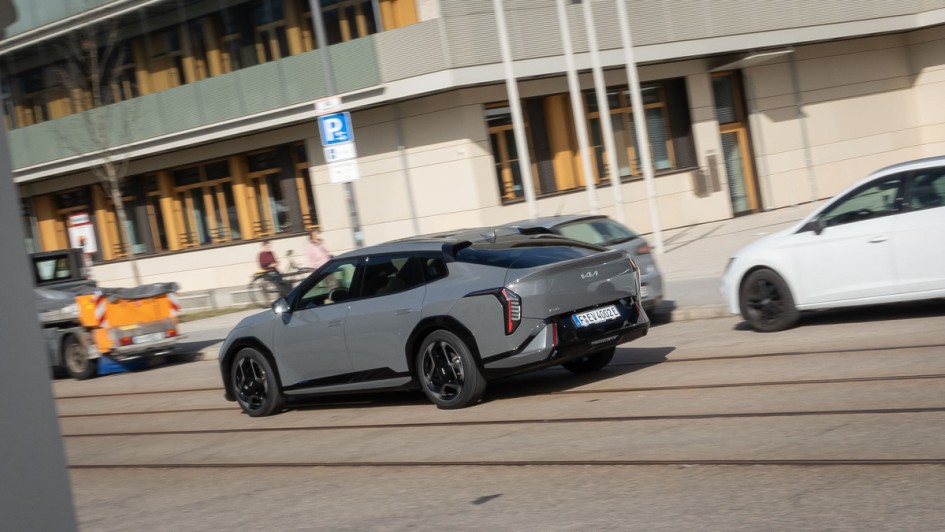 Mitzieher vom heck des Kia EV4 Fastback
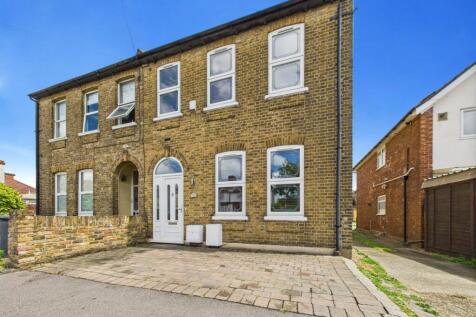 Meadfield Road, Langley, Berkshire, SL3 5 bed semi
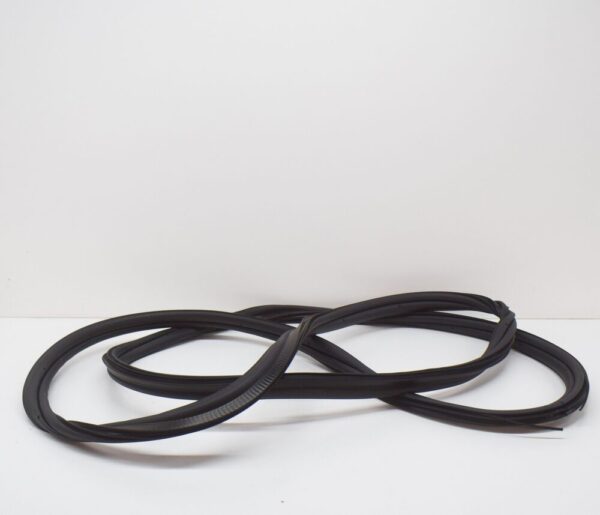 LR024948 - LAND ROVER RANGE ROVER SPORT L320 Tailgate Gasket LR024948 New Original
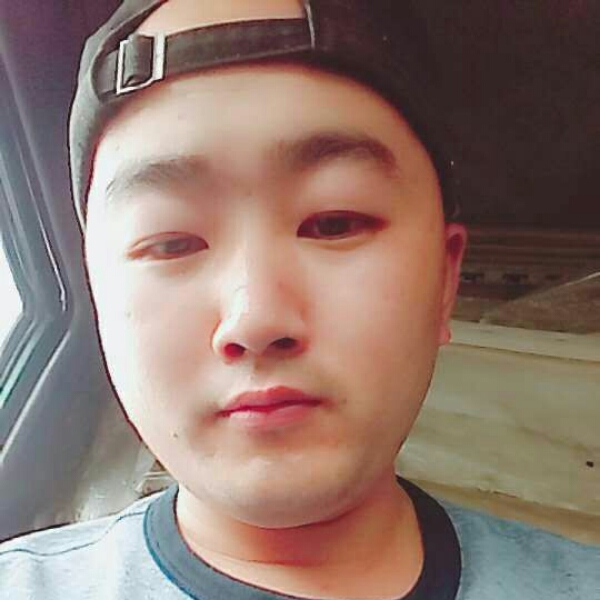 谁短靴的照片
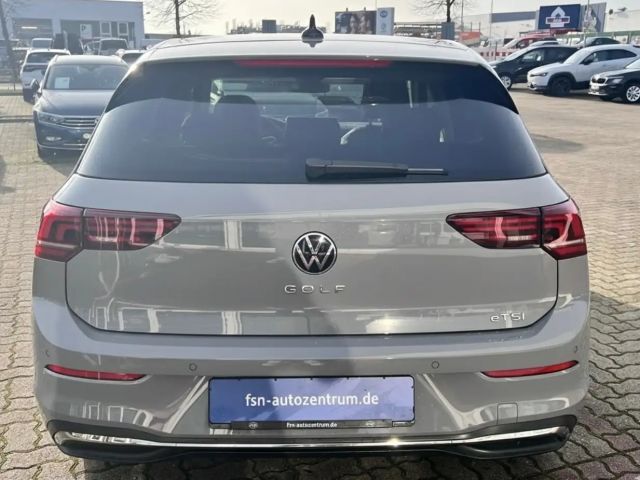 Volkswagen Golf 1.5 eTSI Golf VIII Style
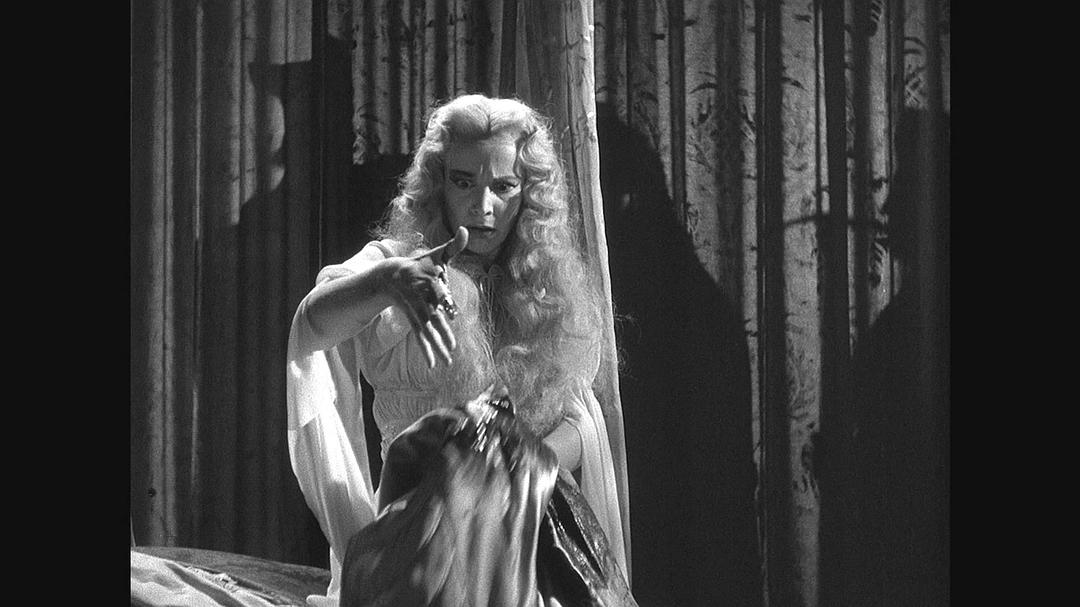 双重生活(1947)的剧照 双重生活(1947)的剧照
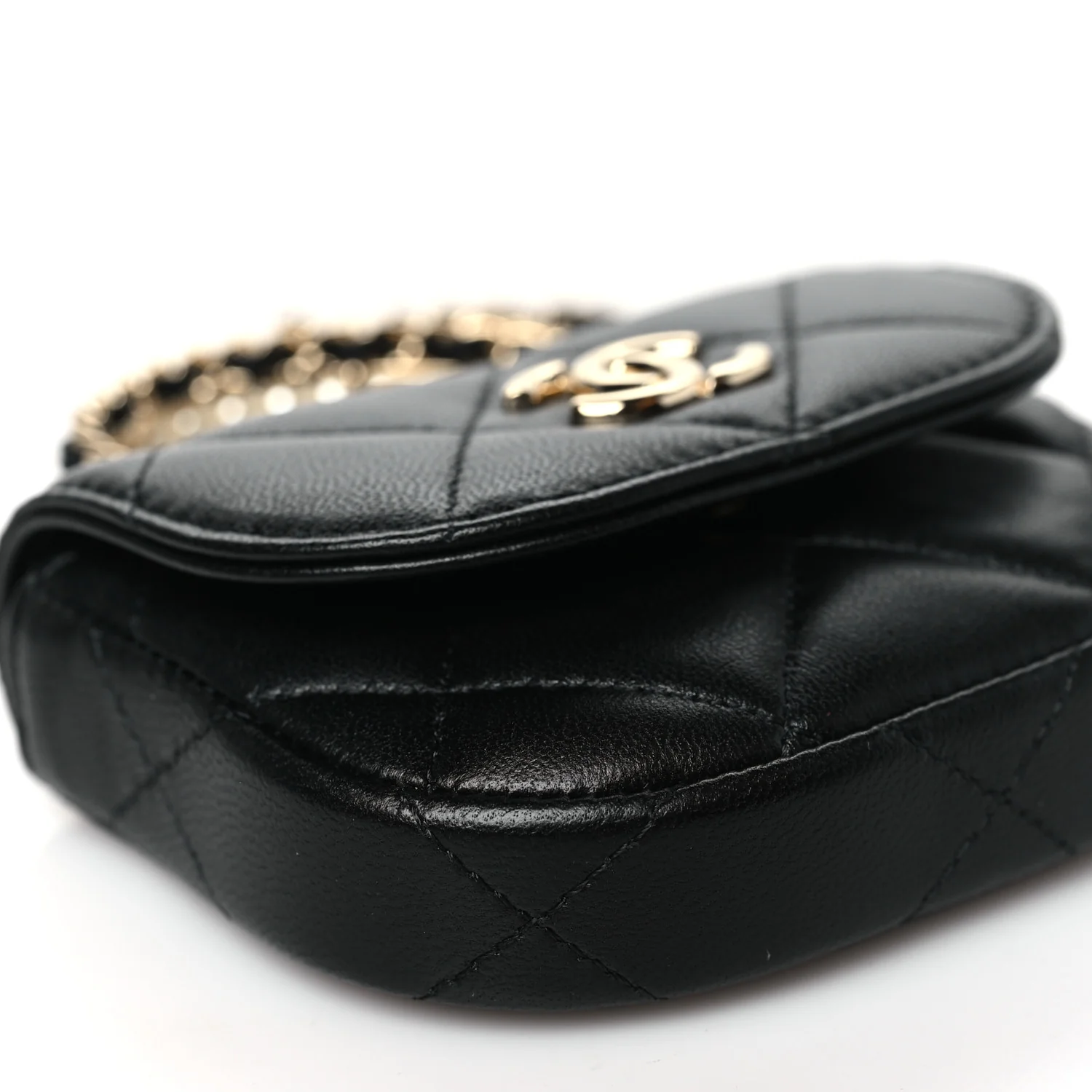 Lambskin Quilted Pearl Top Handle Clutch With Chain Black - Image 10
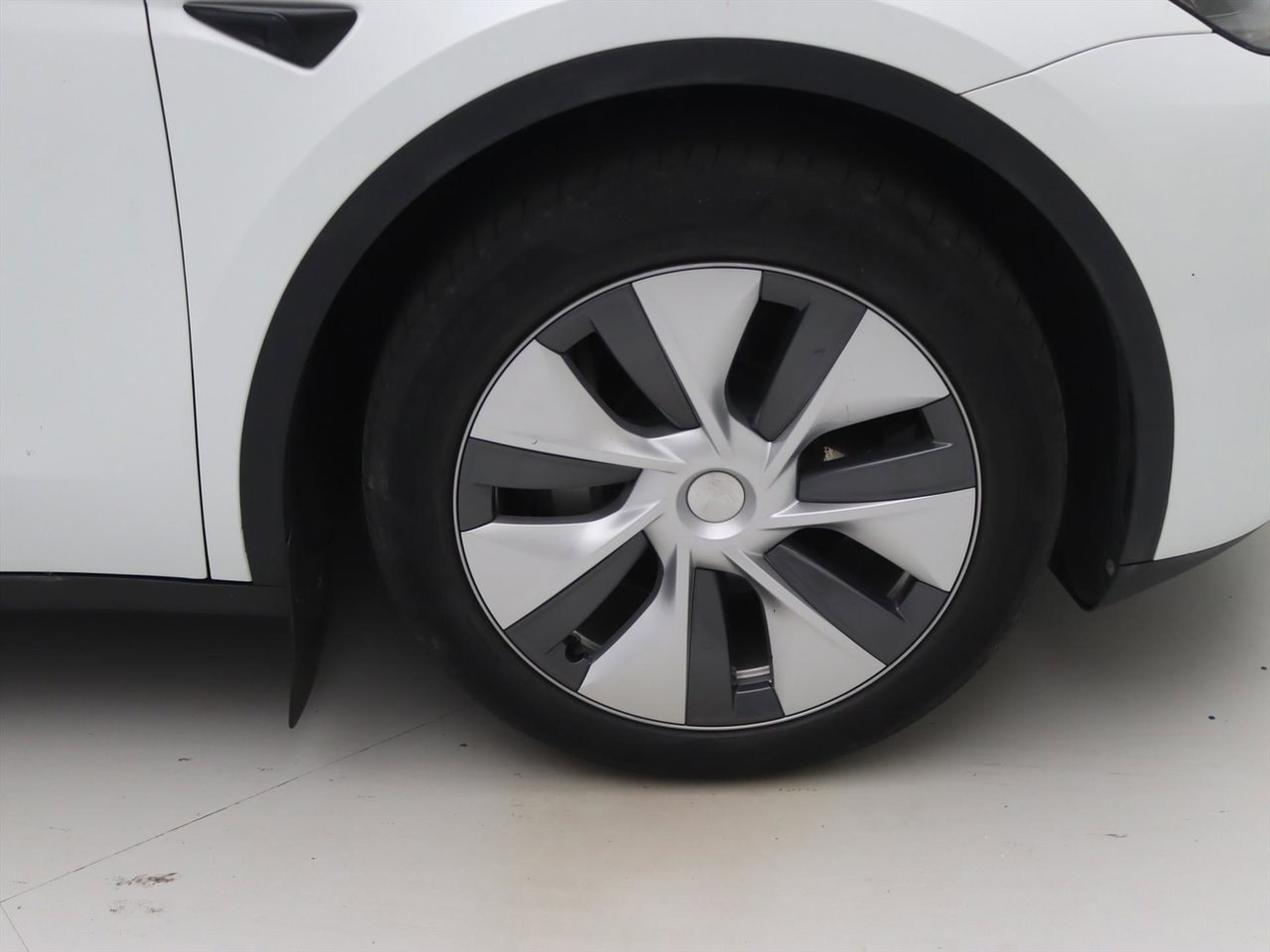 Tesla Model Y Long Range AWD 75kWh 351pk 94.1% SoH [ AMD RYZEN+TREKHAAK+AUTOPILOT+19 INCH+PREMIUM AUDIO ] 14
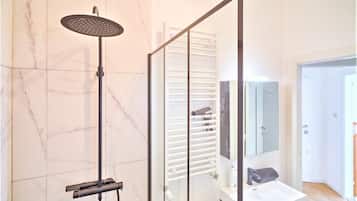 Douche, sèche-cheveux, serviettes fournies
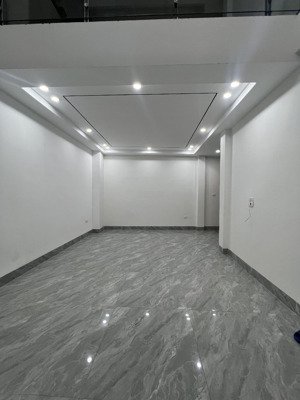 ngõ thông ô tô đỗ cổng, thiết kế 6 tầng, nội thât cơ bản, ba bước ra phố đường cổ linh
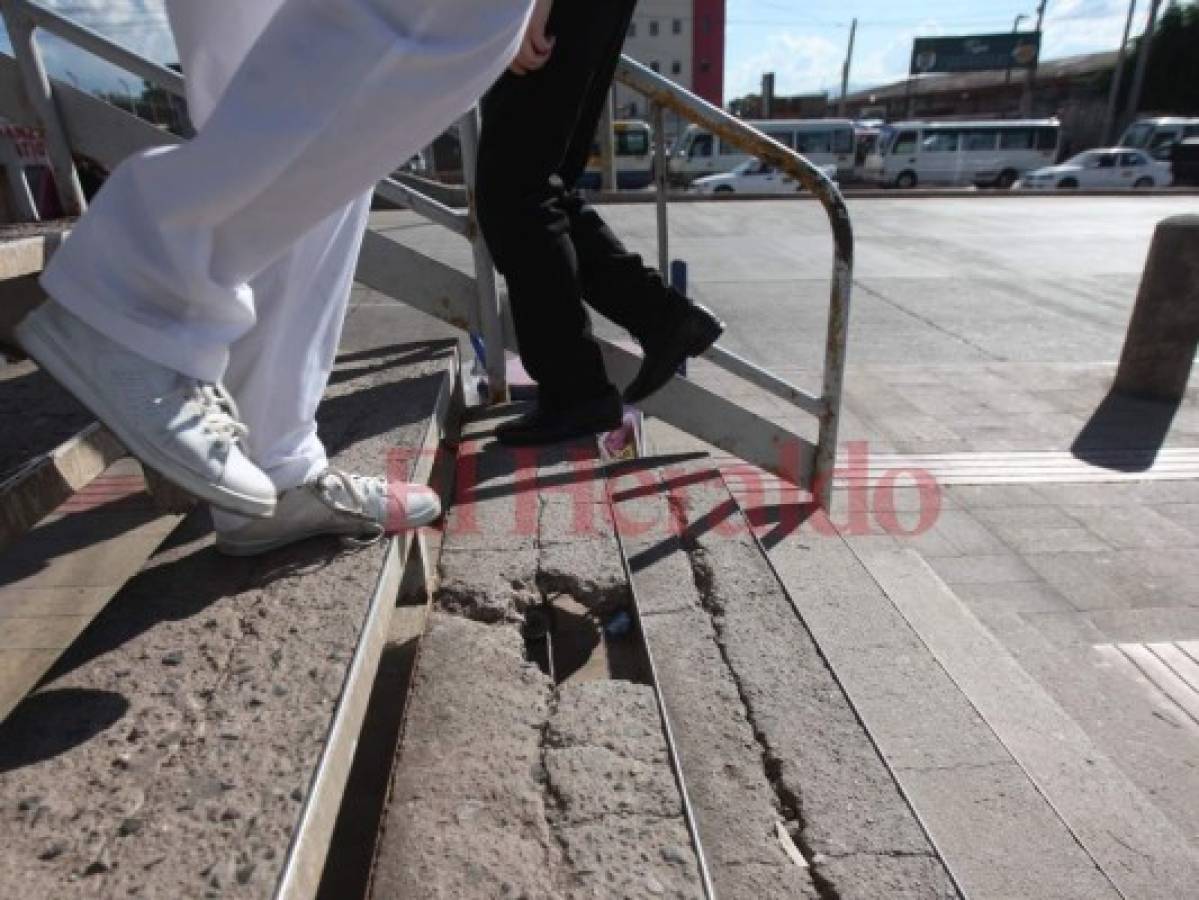 Agujero es un peligro en puente peatonal frente a la Universidad Nacional Autónoma de Honduras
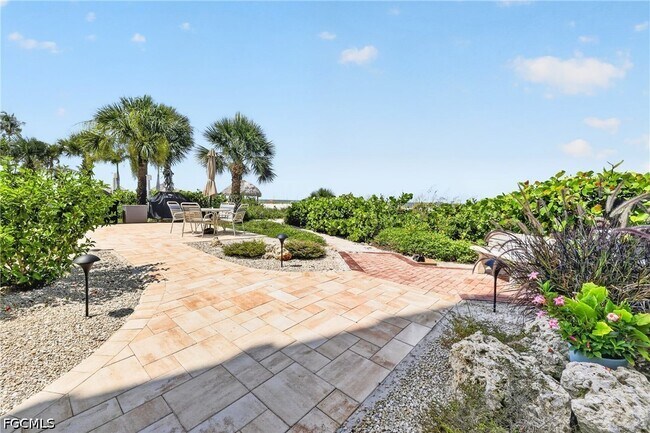 Building Photo - 100 Estero Blvd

=======

Retyping should start at the first line of the data above and stop after the line with "ngõ thông ô", and no picture should be included.

■ Reply to the exercise
 Mitzieher vom heck des Kia EV4 Fastback
 Meadfield Road, Langley, Berkshire, SL3 5 bed semi
 LR024948 - LAND ROVER RANGE ROVER SPORT L320 Tailgate Gasket LR024948 New Original
 谁短靴的照片
 Volkswagen Golf 1.5 eTSI Golf VIII Style
 双重生活(1947)的剧照 双重生活(1947)的剧照
 Lambskin Quilted Pearl Top Handle Clutch With Chain Black - Image 10
 Tesla Model Y Long Range AWD 75kWh 351pk 94.1% SoH [ AMD RYZEN+TREKHAAK+AUTOPILOT+19 INCH+PREMIUM AUDIO ] 14
 Douche, sèche-cheveux, serviettes fournies
 ngõ thông ô tô đỗ cổng, thiết kế 6 tầng, nội thât cơ bản, ba bước ra phố đường cổ linh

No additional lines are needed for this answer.